Dreamcatchers trap bad dreams - but sometimes nightmares escape!
Ellen Williams, a Native American with a gift for foretelling the future, is at a loss to explain her terrifying nightmares and the portentous feeling of dread that seems to hang over her like a shroud.
When Travis Petersen – an old friend of her brother’s – appears in her bookshop The Reading Nook, Ellen can’t shake the idea there’s a strange connection between her nightmares and Travis’ arrival. Suffering from guilt of the car accident which took the lives of his wife and son, Travis is struggling to salvage his life, and believes he has nothing to offer a woman. But Ellen’s nightmares come true when developers announce a fancy new build, which means pulling down The Reading Nook – and she needs Travis’ help.
Can Ellen and Travis uncover the link between them and save her bookshop? And will it lead to happiness?
A tale of dreams, romance, and of doing the right thing, set on the beautiful Oregon coast.

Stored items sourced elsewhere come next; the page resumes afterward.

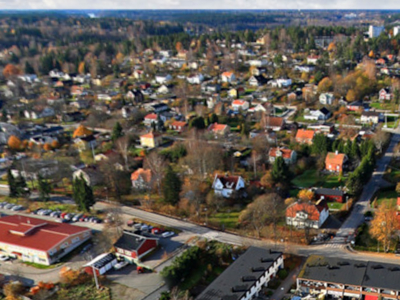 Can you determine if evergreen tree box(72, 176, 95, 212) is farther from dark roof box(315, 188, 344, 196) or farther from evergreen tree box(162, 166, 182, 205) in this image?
dark roof box(315, 188, 344, 196)

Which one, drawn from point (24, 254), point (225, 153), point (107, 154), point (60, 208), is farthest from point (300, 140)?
point (24, 254)

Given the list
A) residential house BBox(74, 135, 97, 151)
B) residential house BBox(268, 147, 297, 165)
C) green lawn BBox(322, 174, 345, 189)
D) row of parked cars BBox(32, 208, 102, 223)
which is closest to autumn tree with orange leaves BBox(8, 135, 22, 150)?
residential house BBox(74, 135, 97, 151)

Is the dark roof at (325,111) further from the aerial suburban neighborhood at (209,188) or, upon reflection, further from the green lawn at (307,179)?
the green lawn at (307,179)

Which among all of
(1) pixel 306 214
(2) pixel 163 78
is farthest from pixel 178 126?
(2) pixel 163 78

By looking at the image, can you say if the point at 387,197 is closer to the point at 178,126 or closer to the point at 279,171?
the point at 279,171

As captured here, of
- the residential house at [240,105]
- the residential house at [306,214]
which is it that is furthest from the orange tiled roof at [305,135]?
the residential house at [240,105] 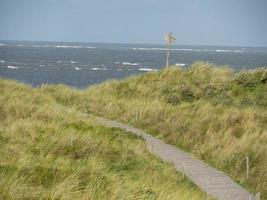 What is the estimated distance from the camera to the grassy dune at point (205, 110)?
15578 mm

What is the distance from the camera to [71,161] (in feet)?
40.6

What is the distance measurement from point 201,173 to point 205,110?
28.9 feet

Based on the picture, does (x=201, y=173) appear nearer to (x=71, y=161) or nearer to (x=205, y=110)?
(x=71, y=161)

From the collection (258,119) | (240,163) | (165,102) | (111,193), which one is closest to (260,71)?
(165,102)

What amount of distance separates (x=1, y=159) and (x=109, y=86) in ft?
69.2

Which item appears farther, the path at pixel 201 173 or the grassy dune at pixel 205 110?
the grassy dune at pixel 205 110

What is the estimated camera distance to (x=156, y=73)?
33.7m

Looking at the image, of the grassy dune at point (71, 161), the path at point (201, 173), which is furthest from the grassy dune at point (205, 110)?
the grassy dune at point (71, 161)

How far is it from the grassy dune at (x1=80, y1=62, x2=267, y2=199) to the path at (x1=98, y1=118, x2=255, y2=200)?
2.09 ft

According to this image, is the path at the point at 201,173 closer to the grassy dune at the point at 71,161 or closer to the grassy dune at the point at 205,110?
the grassy dune at the point at 71,161

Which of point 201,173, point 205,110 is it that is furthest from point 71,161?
point 205,110

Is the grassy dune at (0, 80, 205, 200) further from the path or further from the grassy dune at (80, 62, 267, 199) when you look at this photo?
the grassy dune at (80, 62, 267, 199)

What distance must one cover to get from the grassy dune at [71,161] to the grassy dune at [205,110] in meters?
2.01

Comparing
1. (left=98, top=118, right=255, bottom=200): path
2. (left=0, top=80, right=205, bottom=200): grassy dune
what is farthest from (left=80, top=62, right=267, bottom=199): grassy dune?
(left=0, top=80, right=205, bottom=200): grassy dune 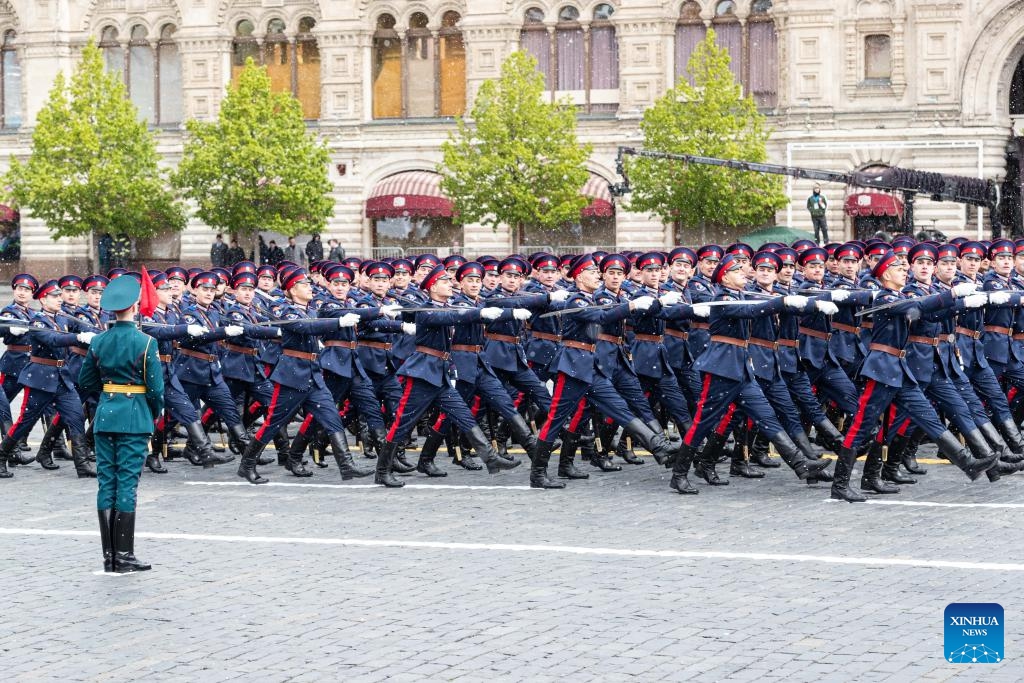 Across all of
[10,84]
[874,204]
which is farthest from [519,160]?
[10,84]

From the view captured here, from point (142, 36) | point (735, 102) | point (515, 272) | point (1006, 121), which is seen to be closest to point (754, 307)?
point (515, 272)

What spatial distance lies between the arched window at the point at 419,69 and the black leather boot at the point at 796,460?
35.0m

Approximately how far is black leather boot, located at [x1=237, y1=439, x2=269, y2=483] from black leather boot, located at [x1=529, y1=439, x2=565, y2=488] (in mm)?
2144

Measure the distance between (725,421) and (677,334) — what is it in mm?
1942

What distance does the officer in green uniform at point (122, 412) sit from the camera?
10.3 metres

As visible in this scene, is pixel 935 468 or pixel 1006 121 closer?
pixel 935 468

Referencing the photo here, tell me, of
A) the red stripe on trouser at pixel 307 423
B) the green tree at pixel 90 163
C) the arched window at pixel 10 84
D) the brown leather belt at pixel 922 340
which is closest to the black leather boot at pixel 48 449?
the red stripe on trouser at pixel 307 423

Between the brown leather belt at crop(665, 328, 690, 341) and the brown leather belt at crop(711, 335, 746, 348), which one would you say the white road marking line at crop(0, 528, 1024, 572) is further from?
the brown leather belt at crop(665, 328, 690, 341)

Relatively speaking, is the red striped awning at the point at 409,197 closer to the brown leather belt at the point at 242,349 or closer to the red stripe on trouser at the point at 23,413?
the brown leather belt at the point at 242,349

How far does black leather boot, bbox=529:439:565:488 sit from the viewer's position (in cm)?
1353

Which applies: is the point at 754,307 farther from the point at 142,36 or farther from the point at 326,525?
the point at 142,36

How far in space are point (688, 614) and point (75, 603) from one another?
312 centimetres

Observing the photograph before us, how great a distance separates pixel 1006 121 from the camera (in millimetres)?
43125

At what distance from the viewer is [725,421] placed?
13.3 meters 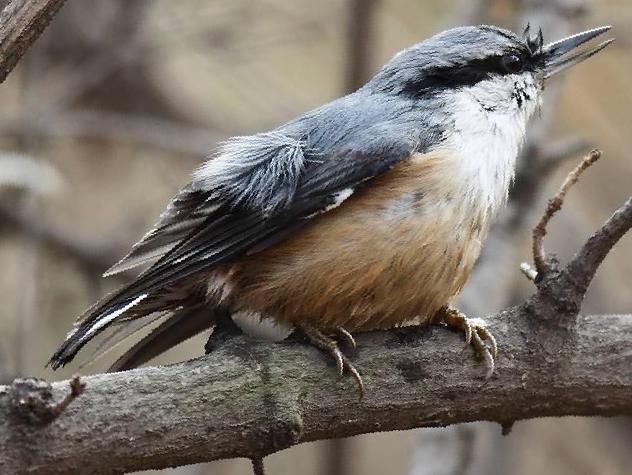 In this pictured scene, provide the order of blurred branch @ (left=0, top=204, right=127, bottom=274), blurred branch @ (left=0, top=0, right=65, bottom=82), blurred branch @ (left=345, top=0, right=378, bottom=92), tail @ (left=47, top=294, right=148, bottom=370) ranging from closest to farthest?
blurred branch @ (left=0, top=0, right=65, bottom=82)
tail @ (left=47, top=294, right=148, bottom=370)
blurred branch @ (left=345, top=0, right=378, bottom=92)
blurred branch @ (left=0, top=204, right=127, bottom=274)

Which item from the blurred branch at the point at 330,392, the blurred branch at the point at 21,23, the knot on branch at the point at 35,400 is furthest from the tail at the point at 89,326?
the blurred branch at the point at 21,23

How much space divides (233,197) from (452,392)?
0.66 m

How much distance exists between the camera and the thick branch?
1.84 meters

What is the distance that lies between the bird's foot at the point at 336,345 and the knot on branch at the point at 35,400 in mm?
575

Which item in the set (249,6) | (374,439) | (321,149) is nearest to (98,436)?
(321,149)

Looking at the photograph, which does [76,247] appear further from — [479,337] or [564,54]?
[479,337]

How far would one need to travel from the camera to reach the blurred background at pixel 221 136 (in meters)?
3.71

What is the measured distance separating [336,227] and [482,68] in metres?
0.64

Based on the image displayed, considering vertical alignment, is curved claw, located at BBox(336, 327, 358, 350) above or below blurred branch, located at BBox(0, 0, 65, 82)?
below

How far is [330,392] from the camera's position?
209 centimetres

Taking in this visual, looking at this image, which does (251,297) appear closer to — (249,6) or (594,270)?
(594,270)

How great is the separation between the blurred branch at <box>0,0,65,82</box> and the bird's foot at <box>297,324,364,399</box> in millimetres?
818

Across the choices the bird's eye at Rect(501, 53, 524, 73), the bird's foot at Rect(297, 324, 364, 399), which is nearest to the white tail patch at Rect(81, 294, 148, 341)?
the bird's foot at Rect(297, 324, 364, 399)

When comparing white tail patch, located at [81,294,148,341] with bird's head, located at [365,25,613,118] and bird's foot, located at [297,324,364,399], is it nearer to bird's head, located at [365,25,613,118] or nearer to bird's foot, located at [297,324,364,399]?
bird's foot, located at [297,324,364,399] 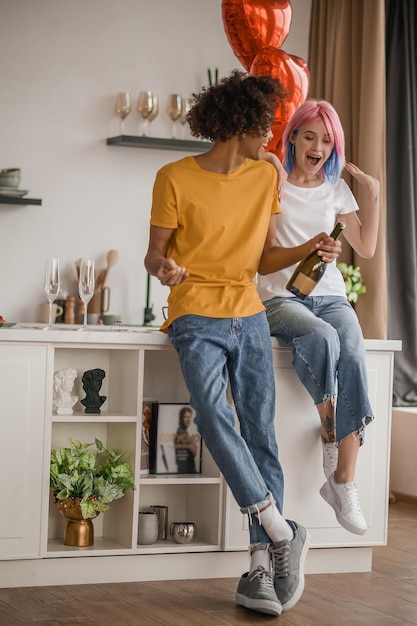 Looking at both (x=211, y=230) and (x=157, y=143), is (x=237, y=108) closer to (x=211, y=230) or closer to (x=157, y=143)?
(x=211, y=230)

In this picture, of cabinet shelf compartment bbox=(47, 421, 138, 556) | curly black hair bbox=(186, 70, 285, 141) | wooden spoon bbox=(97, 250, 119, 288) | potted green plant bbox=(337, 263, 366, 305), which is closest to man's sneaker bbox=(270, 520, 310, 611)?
cabinet shelf compartment bbox=(47, 421, 138, 556)

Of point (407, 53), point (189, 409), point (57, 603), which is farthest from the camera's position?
point (407, 53)

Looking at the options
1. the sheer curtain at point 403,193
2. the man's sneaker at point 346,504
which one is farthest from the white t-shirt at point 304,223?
the sheer curtain at point 403,193

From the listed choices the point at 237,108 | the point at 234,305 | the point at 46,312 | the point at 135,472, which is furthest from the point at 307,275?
the point at 46,312

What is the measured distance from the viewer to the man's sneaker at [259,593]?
2676 mm

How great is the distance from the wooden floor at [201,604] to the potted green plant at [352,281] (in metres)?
1.87

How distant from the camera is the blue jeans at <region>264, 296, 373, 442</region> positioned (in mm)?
2969

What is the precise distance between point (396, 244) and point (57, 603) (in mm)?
2930

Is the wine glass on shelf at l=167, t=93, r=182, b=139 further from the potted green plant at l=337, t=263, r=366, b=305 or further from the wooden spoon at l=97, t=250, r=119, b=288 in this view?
the potted green plant at l=337, t=263, r=366, b=305

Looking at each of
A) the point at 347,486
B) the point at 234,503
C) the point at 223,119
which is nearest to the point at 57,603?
the point at 234,503

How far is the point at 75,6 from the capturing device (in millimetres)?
5215

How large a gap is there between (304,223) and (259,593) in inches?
47.3

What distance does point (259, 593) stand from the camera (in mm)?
2689

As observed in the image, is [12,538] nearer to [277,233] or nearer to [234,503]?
[234,503] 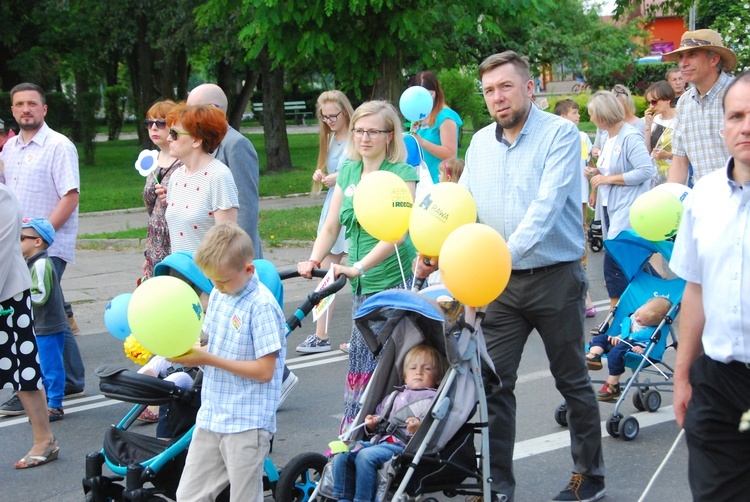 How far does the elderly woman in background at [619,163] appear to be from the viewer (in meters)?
8.62

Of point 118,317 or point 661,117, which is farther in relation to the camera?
point 661,117

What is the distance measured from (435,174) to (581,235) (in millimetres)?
4420

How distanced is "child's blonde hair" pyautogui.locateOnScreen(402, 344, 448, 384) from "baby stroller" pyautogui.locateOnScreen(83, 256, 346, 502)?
1.99 ft

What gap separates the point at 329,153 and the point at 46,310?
278 cm

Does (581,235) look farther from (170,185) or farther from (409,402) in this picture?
(170,185)

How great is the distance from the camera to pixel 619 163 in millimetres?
8758

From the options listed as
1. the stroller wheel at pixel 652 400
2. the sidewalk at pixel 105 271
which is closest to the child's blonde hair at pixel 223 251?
the stroller wheel at pixel 652 400

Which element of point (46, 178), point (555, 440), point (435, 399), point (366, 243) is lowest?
point (555, 440)

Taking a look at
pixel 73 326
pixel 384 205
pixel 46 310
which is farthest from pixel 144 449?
pixel 73 326

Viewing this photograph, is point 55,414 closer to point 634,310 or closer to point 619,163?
point 634,310

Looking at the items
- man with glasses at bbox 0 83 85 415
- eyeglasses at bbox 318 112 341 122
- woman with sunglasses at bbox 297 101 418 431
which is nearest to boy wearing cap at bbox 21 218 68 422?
man with glasses at bbox 0 83 85 415

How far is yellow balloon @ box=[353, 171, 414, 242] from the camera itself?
4.71m

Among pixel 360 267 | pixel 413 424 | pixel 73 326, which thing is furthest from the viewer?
pixel 73 326

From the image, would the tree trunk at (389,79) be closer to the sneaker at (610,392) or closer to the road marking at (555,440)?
the sneaker at (610,392) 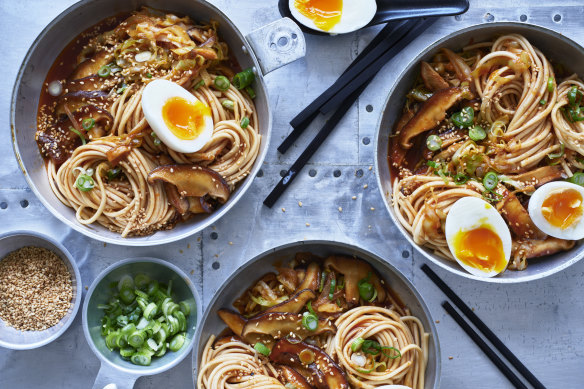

After a career in education, Maggie Christensen began writing contemporary women’s fiction portraying mature women facing life-changing situations. Her travels inspire her writing, be it her frequent visits to family in Oregon, USA or her home on Queensland’s beautiful Sunshine Coast. Maggie writes of mature heroines coming to terms with changes in their lives and the heroes worthy of them. From her native Glasgow, Scotland, Maggie was lured by the call ‘Come and teach in the sun’ to Australia,where she worked as a primary school teacher, university lecturer and in educational management. Now living with her husband of thirty years on Queensland’s Sunshine Coast, she loves walking on the deserted beach in the early mornings and having coffee by the river on weekends. Her days are spent surrounded by books, either reading or writing them – her idea of heaven! She continues her love of books as a volunteer with her local library where she selects and delivers books to the housebound. A member of Queensland Writer’s Centre, RWA, ALLi, and a local critique group, Maggie enjoys meeting her readers at book signings and library talks. In 2014 she self-published Band of Gold and The Sand Dollar, Book One in the Oregon Coast Series, in 2015, The Dreamcatcher, Book Two in the Oregon Coast Series and Broken Threads, and in 2016, Madeline House, book Three in the Oregon Coast Series
For Native American Ellen Williams, The Reading Nook was her baby – lovingly furnished and designed, it showed her love of books and reading and was a haven for Ellen and her customers. When Ellen and the other small shop owners in Old Town were notified of the impending destruction of the buildings they were located in, to build a big glass monstrosity (which definitely wouldn’t fit in with the area) Ellen was devastated. But she vowed to fight the developers with all she had…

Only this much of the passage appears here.